Beschleunigtes Tempo sowie Animationen durch zyklische Überblendungen und Scroller verwandelten bei der diesjährigen Linzer Klangwolke einen 12-geschossigen Hotelbau in eine gleichermaßen prachtvolle wie brachiale Maschinerie und geriet als Visualisierung der ersten industriellen Revolution zum Highlight der JopOpera-Inszenierung, komponiert vom Musikerduo Klaus Obermeier und Robert Spour. Dass das Medium - hier in einem eruptiven, ca. 10-minütigen Schauspiel konzentriert - auch Qualitäten für eine Dauerinstallation birgt, erkannte die überraschte Hotelleitung sofort. Hatte sie bisher auf eine konventionelle Fassadenbeleuchtung gesetzt, berät sie nun mit Förster über die allabendliche Metamorphose des weißen Turmes am Donauufer. Der Reichstag in Berlin übrigens war für Friedrich Förster in der Zeit der Umhüllung eine besondere Herausforderung.
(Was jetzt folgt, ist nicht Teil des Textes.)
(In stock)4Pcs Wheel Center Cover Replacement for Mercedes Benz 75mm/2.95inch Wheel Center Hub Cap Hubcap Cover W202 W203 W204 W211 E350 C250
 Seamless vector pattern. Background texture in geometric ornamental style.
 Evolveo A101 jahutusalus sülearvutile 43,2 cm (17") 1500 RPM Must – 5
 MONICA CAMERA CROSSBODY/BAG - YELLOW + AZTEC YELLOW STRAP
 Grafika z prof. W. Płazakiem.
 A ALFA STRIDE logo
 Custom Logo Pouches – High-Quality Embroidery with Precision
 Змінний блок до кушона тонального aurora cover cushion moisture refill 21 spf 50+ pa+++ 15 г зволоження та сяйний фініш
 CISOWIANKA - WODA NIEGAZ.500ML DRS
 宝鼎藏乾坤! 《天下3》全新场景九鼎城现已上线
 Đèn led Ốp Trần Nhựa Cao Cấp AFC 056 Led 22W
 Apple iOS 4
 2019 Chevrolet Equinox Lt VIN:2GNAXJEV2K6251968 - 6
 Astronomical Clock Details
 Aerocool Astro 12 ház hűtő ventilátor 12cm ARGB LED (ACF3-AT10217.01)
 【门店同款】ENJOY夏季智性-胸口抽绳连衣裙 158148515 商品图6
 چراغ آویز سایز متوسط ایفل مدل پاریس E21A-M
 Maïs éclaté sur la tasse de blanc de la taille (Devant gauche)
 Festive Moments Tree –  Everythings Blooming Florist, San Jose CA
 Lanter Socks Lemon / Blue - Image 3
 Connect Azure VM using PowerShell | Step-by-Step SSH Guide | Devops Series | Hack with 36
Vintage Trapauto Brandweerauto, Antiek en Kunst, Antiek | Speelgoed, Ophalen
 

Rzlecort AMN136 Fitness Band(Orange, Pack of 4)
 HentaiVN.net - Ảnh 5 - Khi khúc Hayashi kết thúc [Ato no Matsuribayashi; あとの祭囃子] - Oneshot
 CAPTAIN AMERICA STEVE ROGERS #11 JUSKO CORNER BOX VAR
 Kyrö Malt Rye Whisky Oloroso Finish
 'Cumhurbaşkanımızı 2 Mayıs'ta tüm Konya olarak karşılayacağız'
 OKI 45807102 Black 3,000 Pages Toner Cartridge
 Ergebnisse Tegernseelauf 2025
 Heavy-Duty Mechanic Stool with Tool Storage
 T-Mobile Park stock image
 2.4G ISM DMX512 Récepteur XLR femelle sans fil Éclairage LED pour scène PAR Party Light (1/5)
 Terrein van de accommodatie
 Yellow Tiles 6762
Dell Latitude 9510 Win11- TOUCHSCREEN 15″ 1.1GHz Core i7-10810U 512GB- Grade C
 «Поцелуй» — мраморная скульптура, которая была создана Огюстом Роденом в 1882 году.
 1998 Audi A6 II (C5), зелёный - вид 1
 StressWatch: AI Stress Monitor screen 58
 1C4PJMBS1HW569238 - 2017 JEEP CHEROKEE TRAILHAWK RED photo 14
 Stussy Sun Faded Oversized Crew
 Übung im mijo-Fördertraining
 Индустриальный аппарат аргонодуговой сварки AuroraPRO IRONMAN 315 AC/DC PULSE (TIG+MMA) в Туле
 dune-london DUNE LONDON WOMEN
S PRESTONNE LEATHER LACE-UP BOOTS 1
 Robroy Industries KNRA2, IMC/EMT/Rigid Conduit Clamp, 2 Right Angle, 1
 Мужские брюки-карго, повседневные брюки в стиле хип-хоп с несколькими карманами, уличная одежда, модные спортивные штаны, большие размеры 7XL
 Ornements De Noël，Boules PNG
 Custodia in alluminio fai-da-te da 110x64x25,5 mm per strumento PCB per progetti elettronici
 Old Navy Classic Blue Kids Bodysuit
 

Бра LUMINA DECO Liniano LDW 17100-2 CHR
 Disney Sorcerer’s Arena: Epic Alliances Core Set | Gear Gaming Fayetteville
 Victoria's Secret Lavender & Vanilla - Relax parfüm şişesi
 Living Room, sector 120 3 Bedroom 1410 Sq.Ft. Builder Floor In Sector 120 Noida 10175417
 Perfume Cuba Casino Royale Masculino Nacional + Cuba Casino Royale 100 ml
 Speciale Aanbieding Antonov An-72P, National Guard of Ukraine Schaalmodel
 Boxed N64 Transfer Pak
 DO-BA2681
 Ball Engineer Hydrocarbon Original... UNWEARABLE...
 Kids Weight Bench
Den meisten Besuchern der Reichstagumhüllung wurde vorenthalten, dass Förster und Pit Eitle auf die Umhüllung von Christo die Originalfassade projizierten und zumindest optisch für zehn Minuten die nächtlichen Betrachter völlig verwirrten. Die Kunst im Doppelpack regt zur Diskussion an, was denn nun die wahre Verpackung der Architektur, ob selbst die Originalfassade vielleicht nur eine Fassade sei.